# Oak Chips/Cubes



## winemaker_3352 (Jun 14, 2012)

When using oak chips/cubes - why do the directions indicate to boil for 15 mins?

What does this accomplish??


----------



## BobF (Jun 14, 2012)

And some say to soak in water for an hour ... I've always wondered the same thing.


----------



## ibglowin (Jun 14, 2012)

I have never boiled or soaked a single cube or chip, why give up any of that oak goodness to the boiling water gods....... Makes no sense at all!


----------



## winemaker_3352 (Jun 14, 2012)

ibglowin said:


> I have never boiled or soaked a single cube or chip, why give up any of that oak goodness to the boiling water gods....... Makes no sense at all!

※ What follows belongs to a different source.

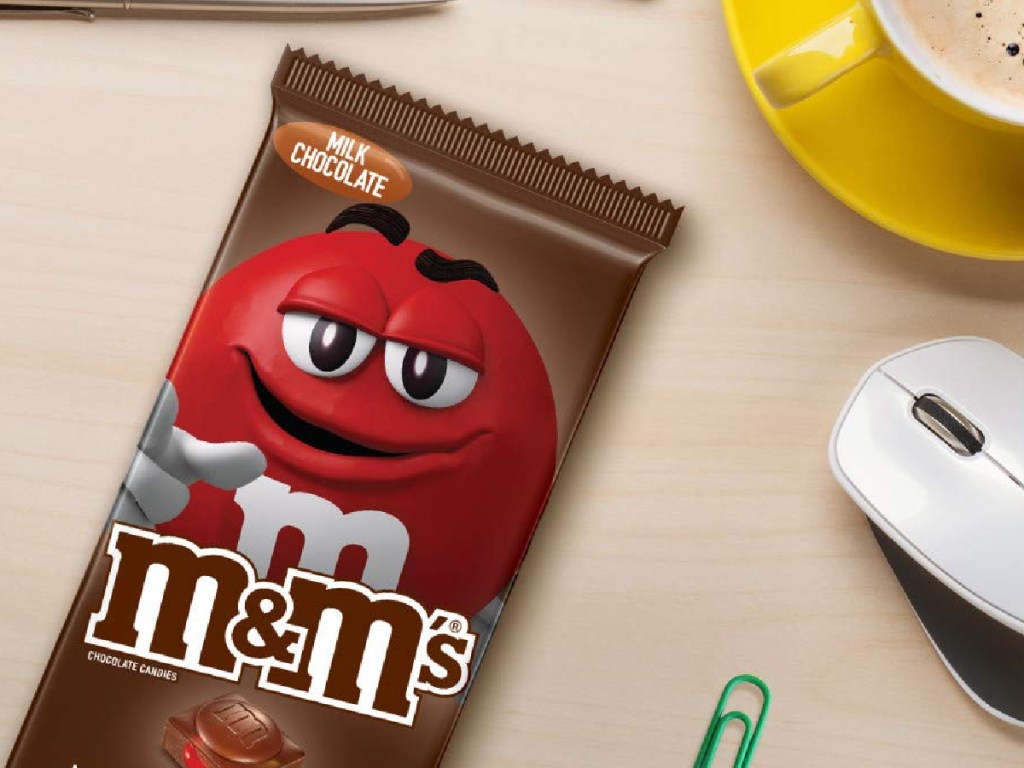 M&M Milk Chocolate Candy Bar 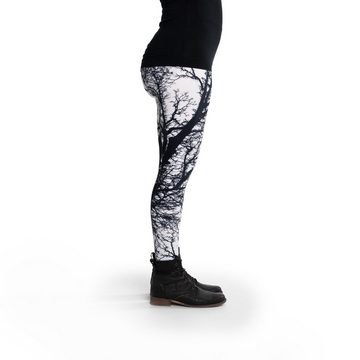 cosey Leggings Bunte Bedruckte Motiv-Leggings Baum/Wald (Einheitsgröße XS-L)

My point exactly - i thought maybe i was just missing something..


----------



## BobF (Jun 14, 2012)

I've never boiled or soaked either. I've always wondered if maybe I'm missing something.


----------



## Deezil (Jun 14, 2012)

I've recently read this in regards to untoasted oak as well, although i think it holds some merit there.. As for the regular toasted oaks, im not sure.. But i know with untoasted oak, the aim isnt the oak flavor so boiling out some of that wouldnt necessarily be a bad thing.. Just speculation though, i'll have my hands in it all soon enough


----------



## joea132 (Jun 15, 2012)

I always rinse my oak cubes off to get rid of excess dust and spray them with K meta solution. I would never boil out the flavor that I pay for...


----------



## BobF (Jun 15, 2012)

Thinking about this some ... one possible reason would be to displace the air in the chips to keep from putting the air into the wine. I'm of the opinion that carboy-matured wine could probably use a little air! ;-)

Maybe not for white ... heck, I don't know! I'm just thinking out loud. Move along ....


----------